In 2012, Matthew and a flying buddy, Mark, were looking to buy a small plane they could fly on the weekends, and potentially rent out during the week. During their search, they heard about an aviation business owner who wanted to sell his company to his employees. Matthew and Mark were invited to join the staff buyout: so instead of purchasing one plane, they ended up becoming part-owners in a business that owned 13 of them. 

Today, Matthew and Mark own three aviation businesses – AirMed Australia, a Sydney-based air ambulance, Air Link, a Dubbo-based charter operation, and Chartair, a Darwin-based charter operation – via a group called Aviation Logistics.

Aviation Logistics employs about 270 people in multiple states and owns dozens of aircraft. Recently, the group became the first civil customer of the new Vertiia aircraft, an Australian-made hydrogen-powered plane that can take off and land vertically.

For all his success, Matthew is no brash tycoon. Rather, he’s reserved and thoughtful. Running such a large business with such a large headcount is challenging, he says. The key is to try to give the staff a sense of ownership, so they’re motivated to do great work.

Matthew has a long history of seizing opportunities and taking action. When he was eight, he had the idea to manufacture diving weights: he used lead that his father scrounged from building sites, melted it on a family camping stove, poured the liquid into a mould and sold the finished product to diving shops.

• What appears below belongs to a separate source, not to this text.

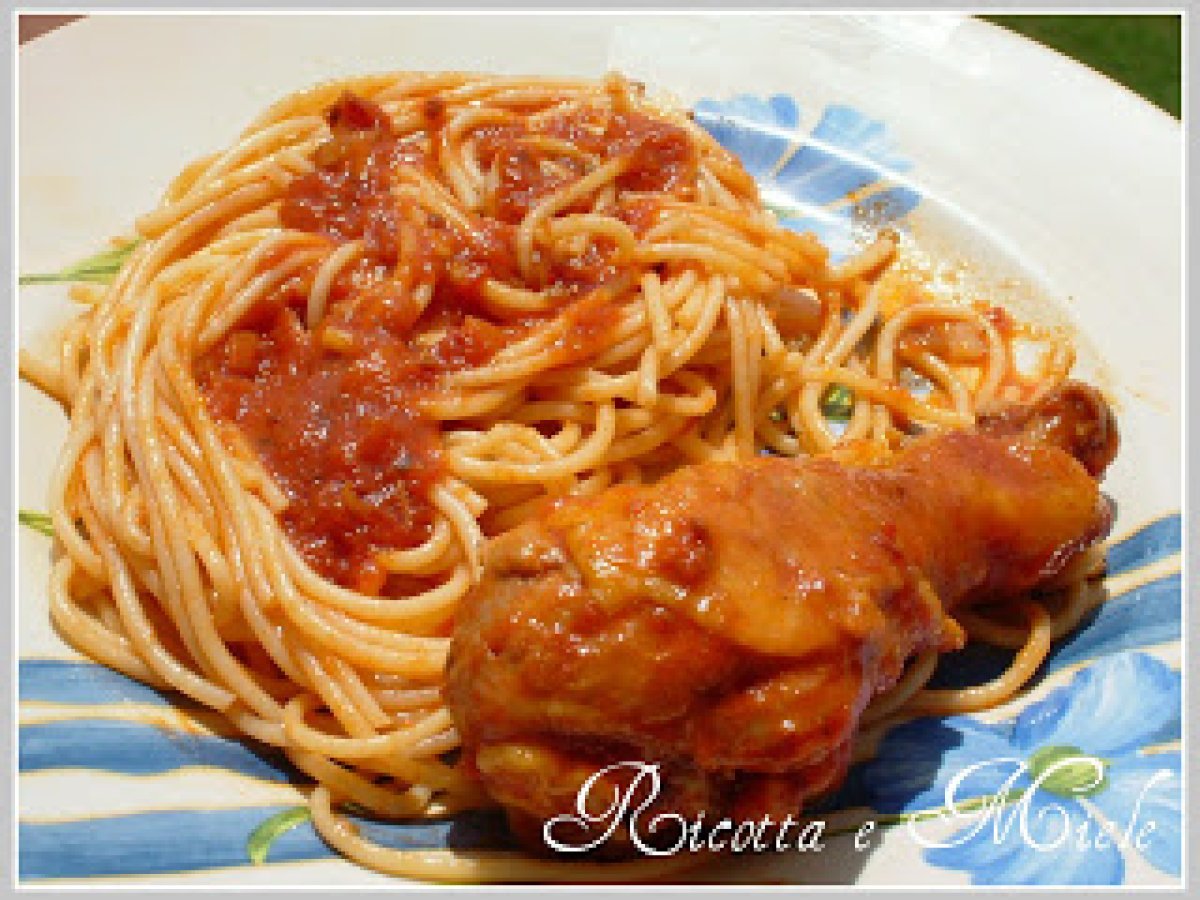 Spaghetti con pollo in salsa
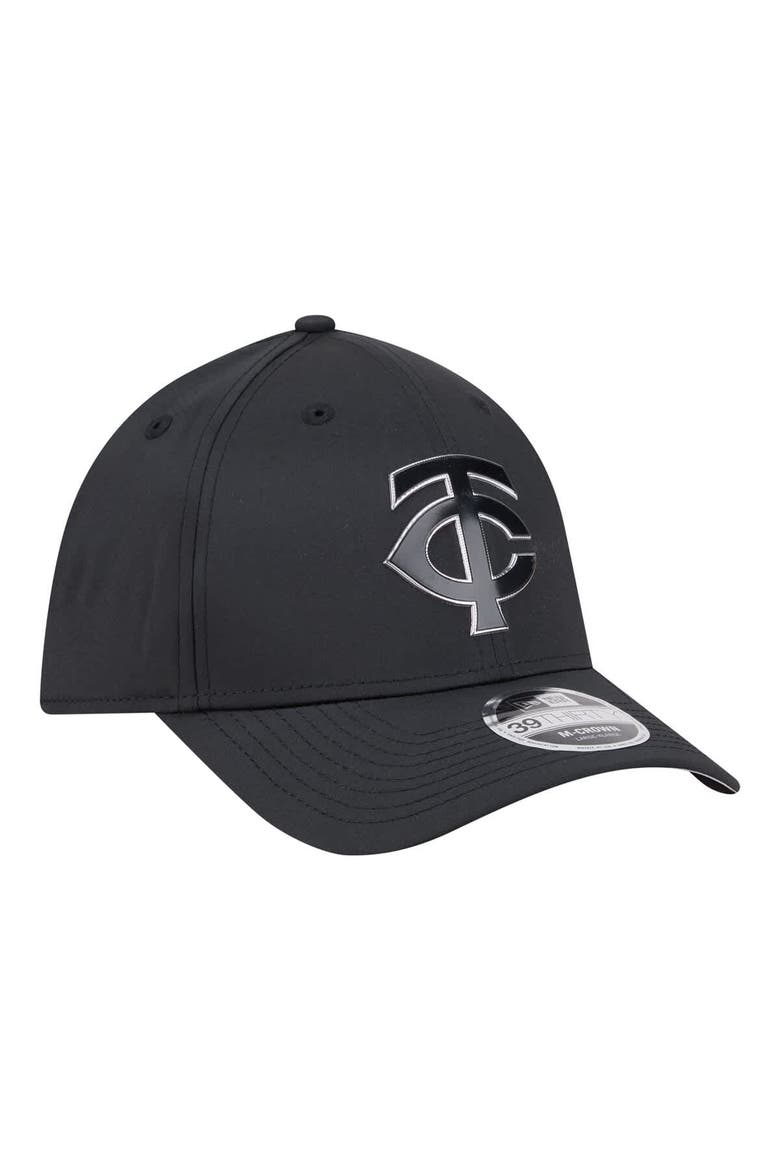 Men's New Era  Black Minnesota Twins Metallic 39THIRTY M-Crown Flex Hat, Alternate, color, Black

A couple of years later, Matthew paid the princely sum of $800 to buy some audio-visual equipment from a teacher (on an instalment plan) and used it to run school productions. Initially, he worked for free, before the school told him to charge for his service. That hobby eventually grew into a serious business, Avsound Productions, which serviced nightclubs, gyms and other venues for more than two decades, before Matthew moved into aviation.